The Indeterminacy of Negative Capability.

We know one form of this from Keats -- when he ends the "Ode to a Nightingale" with the question "Do I wake or sleep?" there's no for us way to answer that question with any certainty, and he doesn't feel any need to pursue the point. This is a way of enacting or portraying a state where the reaching after determinate certainties is impossible. A more contemporary version of this, though, involves a variation on the old Keatsian model. Instead of dramatizing a moment of negative capability on the part of the author, the poem will create a moment of where the reader is left with an undecidable interpretive choice. We'll see several ways of piecing together the words, but we're left without a basis for choosing one over the other. The poem forces us into a position of hermeneutic negative capability. Bruce Andrews' "Bananas are an example" is (ahem) an example. William Howe, thinking about Andrews' poetry, notices this kind of indeterminacy and finds himself in a position of hemeneutic negative capability, then grumbles about it a bit, writing:

One of the problems with language writing is that it works too well, in that it destabilizes language to the point that it becomes difficult to give a normative critical reading of it. This is particularly true in the case of much of Bruce Andrews's work. So much so that normative reading is problematized to the extent that a close critical reading becomes much more difficult than looking at the work in general and making broad statements about how it fits into a poetics or politics (and there may not be any difference between the two in reality). Part of the reason behind this overt problematization of a close critical reading of language writing is that language writing resists translation . . . in all its forms.

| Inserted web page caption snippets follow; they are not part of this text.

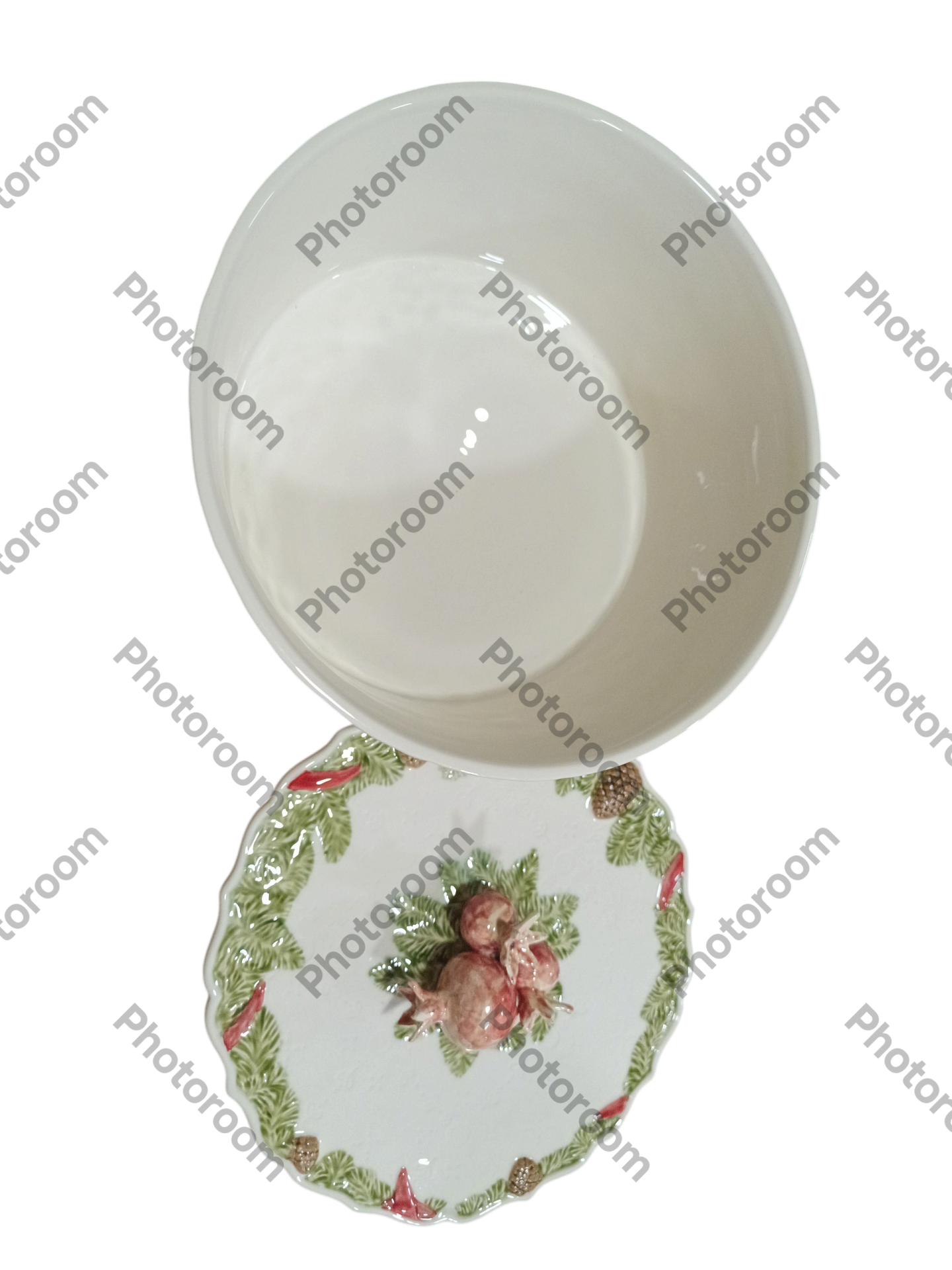 Taça de cerâmica branca sobre prato decorativo com folhas verdes e frutos vermelhos.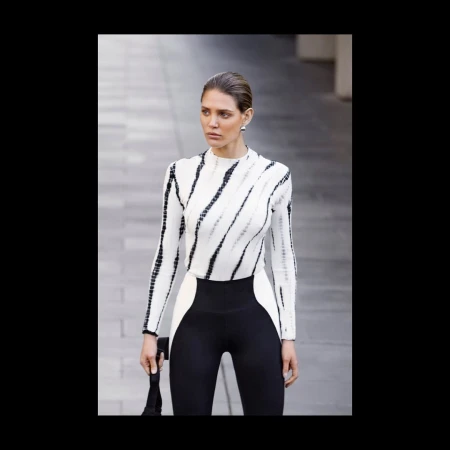 Stylish woman in black and white long-sleeve top and leggings poses on city street with blurred background of grey architecture.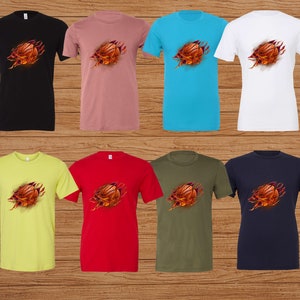 May include: A set of ten t-shirts featuring a basketball bursting through the fabric. The shirts are in various colors, including black, pink, blue, white, yellow, red, green, and navy.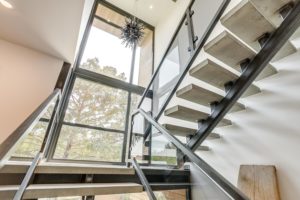 5024 Bryce – Main staircase with concrete treads, awash in sulight.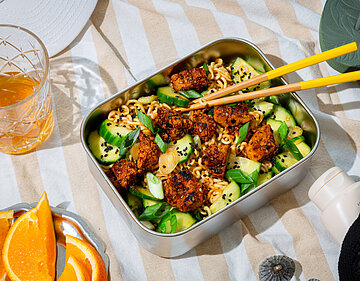 Nudelsalat mit Gurken und gewürztem Tofu in einer Metallschüssel auf einem Tischtuch mit Deko.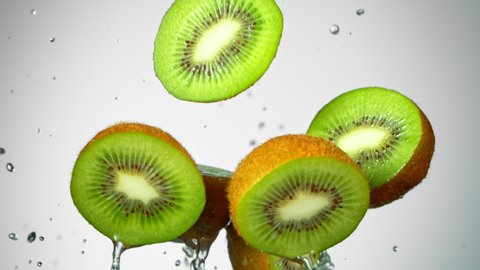 Super Slow Motion Shot of Flying Kiwi Slices and Splashing Water on Grey Gradient Background at 1000fps.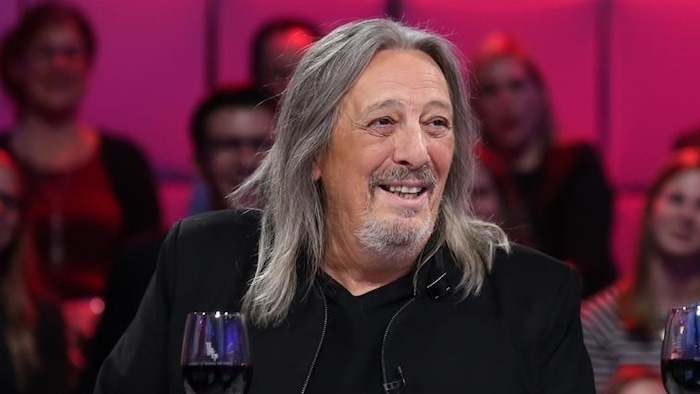 Serge Fiori sourit, sur un plateau de télévision.
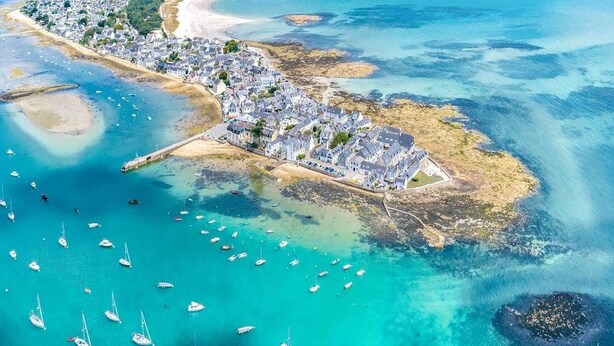 An aerial view of a coastal town with a prominent white building complex, a sandy beach, and clear turquoise waters with numerous boats.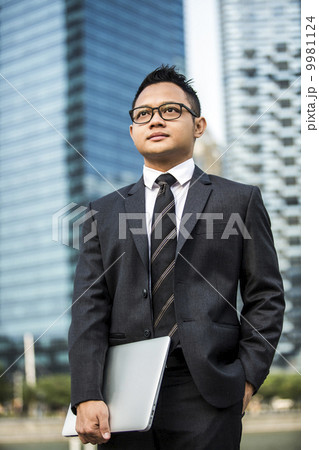 Young male malay executive with laptop 9981124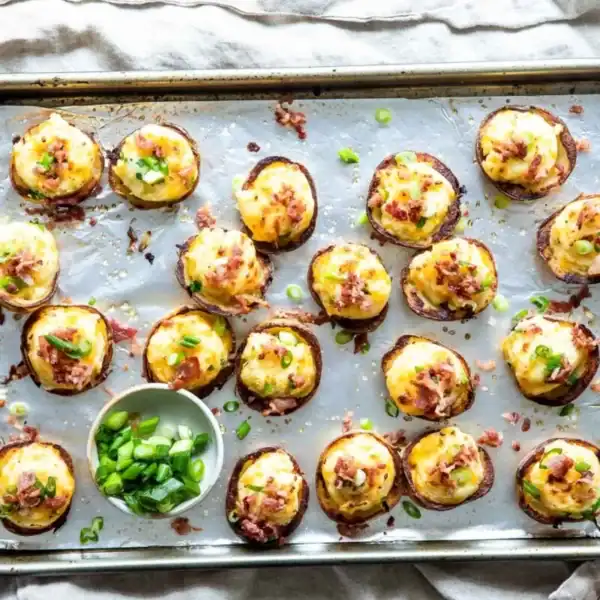 An oven tray filled with numerous bite-sized potato skins, topped with cheese, bacon bits, and green onions. A small bowl of chopped green onions is placed on the tray, and a hand is holding the edge of the tray. The tray is lined with foil.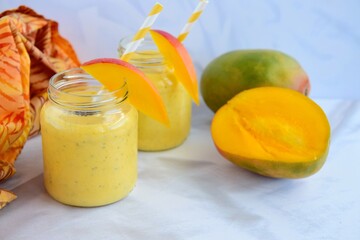 Fresh mango smoothie in glass with chia seeds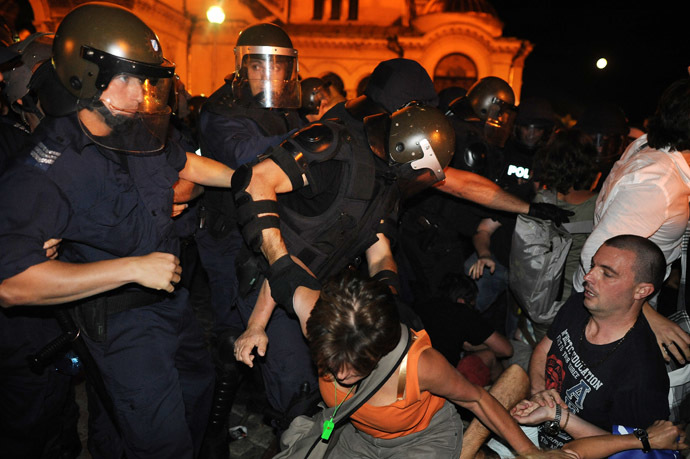 Bulgarian riot policemen push protestors during an anti-government protest in Sofia on July 23, 2013. (AFP Photo/Dimitar Dilkoff)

Pity the critic who wants to say something particular and definite about such works. If such a critic really wants to do close readings of long stretches of poems with this kind of indeterminacy, he's going to find himself having what George Steiner calls a "modal difficulty" — he'll be out of sympathy with the project. A lot of kvetching about language poetry probably comes from such modal difficulties with the indeterminacy of negative capability (hermeneutic variety).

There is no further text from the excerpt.